É importante o estudo dessa questão dos transportadores clandestinos de passageiros, conhecidos como perueiros, que tendem a tomar conta do serviço público de transporte coletivo, nos principais centros urbanos.

A inércia das autoridades e da sociedade ante esse fenômeno, que se intensificou após o advento do Plano Real, mais precisamente, a partir de 1994, poderá conduzir a um caos total em futuro não muito remoto.

Uma coisa é o perueiro recolher passageiros nos terminais de ônibus lotados, propiciando alívio momentâneo aos usuários; outra coisa bem diversa é manter uma linha regular de atendimento à população, todos os dias, nos horários e itinerários preestabelecidos, de forma contínua e ininterrupta. O transportador clandestino, na verdade, não desenvolve atividade de prestação de serviço público, o qual, não comporta solução de continuidade qualquer que sejam as situações reinantes. Ele desenvolve um trabalho visando apenas proveito próprio, sem qualquer preocupação com o serviço de transporte coletivo como um todo. Se o perueiro ficar doente, ou seu veículo quebrar, nenhuma responsabilidade tem ele de providenciar um motorista ou outro veículo para substituí-los. Outrossim, nos dias chuvosos, quando a população mais necessita de transportes coletivos, nada o impede de ficar em casa. Aliás, para não trabalhar nem é preciso ter um motivo; basta que o trabalhador clandestino não tenha disposição de trabalhar, ou porque está cansado, ou porque está de mau humor, ou ainda, por qualquer outra razão não relevante.
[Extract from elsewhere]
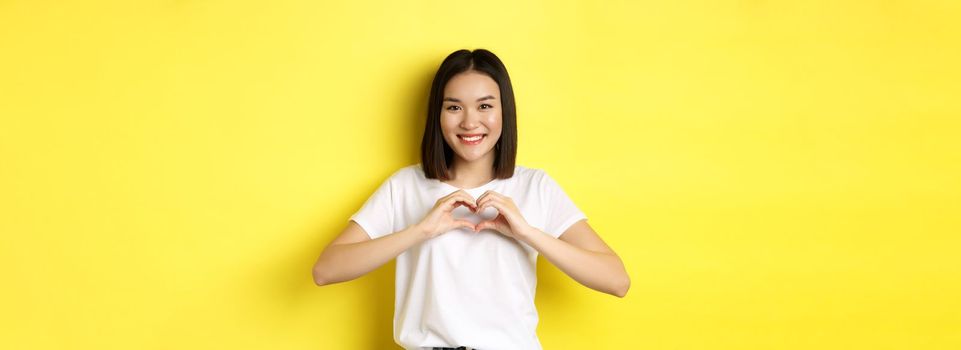 Beautiful asian woman showing I love you heart gesture, smiling at camera, standing against yellow background. Concept of valentines day and romance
Exatamente por se dedicar a uma atividade clandestina não se sujeita a qualquer tipo de disciplinação emanada do Poder Público competente.

Esse problema é sério e bastante complexo e de difícil solução, por envolver aspectos sociais, políticos e econômicos, além dos aspectos jurídicos. Mas, é preciso encontrar uma saída, sob pena de mexicanização da nossa frota regular de transportes coletivos de passageiros.

A Rota 100, estatal mexicana de transporte urbano que, em 1995, mantinha uma frota de 5 mil ônibus dando emprego para 14 mil pessoas, hoje, está reduzida a seis vigias que tomam conta de 350 ônibus sucateados. Velhas jardineiras e vans tomaram conta do transporte informal. A cidade do México é apontada como sendo a que apresenta um trânsito mais caótico do planeta.

Lima, Capital do Peru, está seguindo o mesmo caminho do México, pois lá atuam mais de 50 mil veículos informais, todos eles caindo aos pedaços e espalhando fuligem por onde passam.

O Chile, com a desregulamentação total do setor, na década de 80, está pagando um preço muito caro até hoje. Como resultado dessa política liberal, assentada no equivocado pressuposto da livre concorrência, houve um drástico aumento de frota de ônibus e de sua idade média, que de 6,95 anos em 1979 passou para 12,10 anos em 1989, isto é, dobrou o tempo de utilização dos ônibus. Isso transformou a cidade de Santiago em uma das cidades mais poluídas do mundo, agravando as condições atmosféricas, por si só, desfavorecidas pela sua localização geográfica. Preocupado com essa situação, o governo, em 1992, reiniciou a regulamentação do transporte coletivo, procedendo licitações de espaços urbanos a serem explorados por empresas de ônibus. Os resultados, porém, não são promissores, já que o setor foi invadido por microempresários, sem muito profissionalismo. Muitos deles, ao final da jornada, costumam levar seus ônibus para a casa, utilizando-o como meio de transporte individual.

No Brasil, os perueiros estão avançando nos principais centros urbanos, colocando em risco esse importante setor de atividade pública. Em São Paulo transportava-se 180 milhões de passageiros por mês antes da invasão dos perueiros; hoje, esse número despencou para metade, sendo que, 85% dessa queda deve-se a atuação de 18.000 transportadores clandestinos(1). Os exemplos de Cidade do México, de Lima e de Santiago não devem se repetir em nosso País.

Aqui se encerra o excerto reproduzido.